In the course of talking to comic creators this year, I started to think about their unique talents and what I think they would be best suited to. Inspired by all kinds of wonderful ideas I’ve seen online and heard from creators, I’ve put together my New 52. These are the 52 books I would publish if DC’s offerings were up to me and, as my friends and I have had a good time discussing them, I thought I would share them with you.

I tried to consider the actual feasibility of these titles, not only in the sense of immediate sales but in their ability to expand DC’s brand long-term. I also recognize that this is a dramatically simplified version of what DC actually has to do. As such, I made a couple of rules for myself.

First, as I don’t have the same knowledge of the creators’ availability and timeliness as an actual editor, I decided that I would allow myself access to any writer currently working in comics, but that I could only assign a creator to one book. Second, I tried not to put a writer on the same book that they’ve already worked on, though some were moved to similar concepts or allowed to expand short work they’ve already done. Finally, while an actual relaunch might do well to include some new books, I limited myself to preexisting titles and IPs for this project.

I’d love to hear your thoughts, on why I’m right, why I clearly screwed up, who should be illustrating the series, etc. But, regardless, I hope you enjoy.

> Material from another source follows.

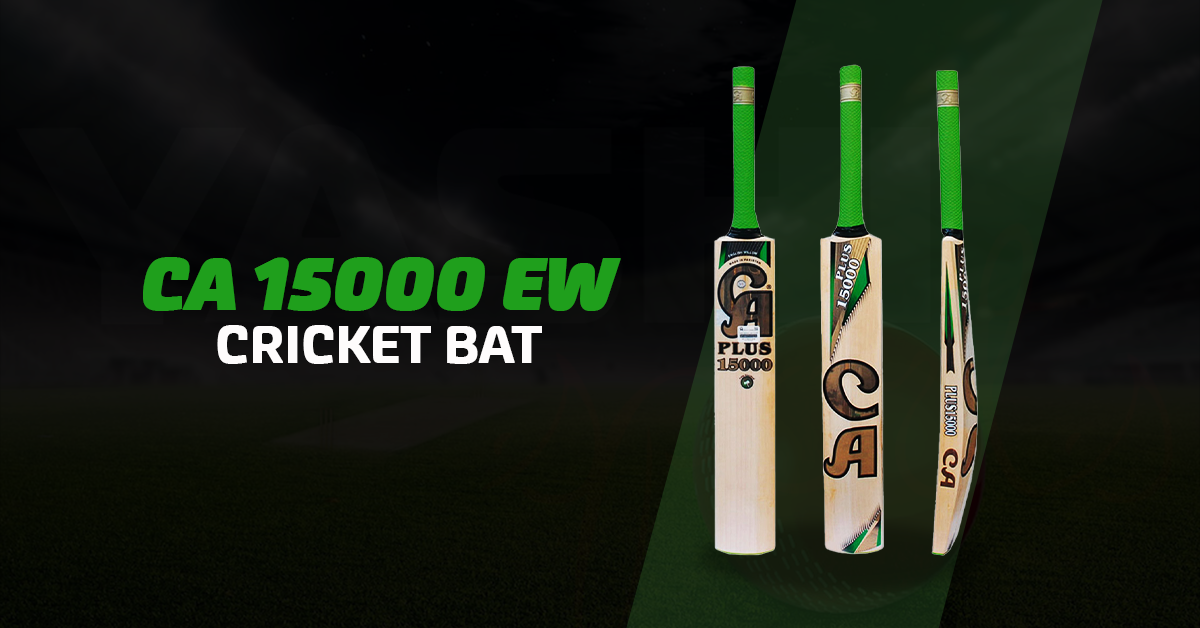 CA 15000 EW Cricket Bat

Wonder Woman is one of the great comic characters, but while fans each have their personal favorite Wonder Woman, it’s rare to find a particular run that receives near universal acclaim. There is one exception; it seems almost everybody loves Greg Rucka’s Wonder Woman.



It’s no surprise that Rucka’s Wonder Woman run is something special. Over the years Rucka has gained a reputation for writing some of the best and most realistic heroines in comics, however his work on Wonder Woman has a special quality of ‘why isn’t this how it’s always been!?’

Wonder Woman’s mission is to bring peace, acceptance, and love to Man’s World and, from the first issue, Rucka put that mission front and center. Setting Diana up as a literal ambassador, Rucka wrote a Wonder Woman who quite literally waged peace, mounting strategic attacks on ignorance, violence, and bigotry in between her busy days of trade negotiation, charity work, and battles with supervillains.


Yes, he wears all white while cooking and drinking red wine. He’s just that good.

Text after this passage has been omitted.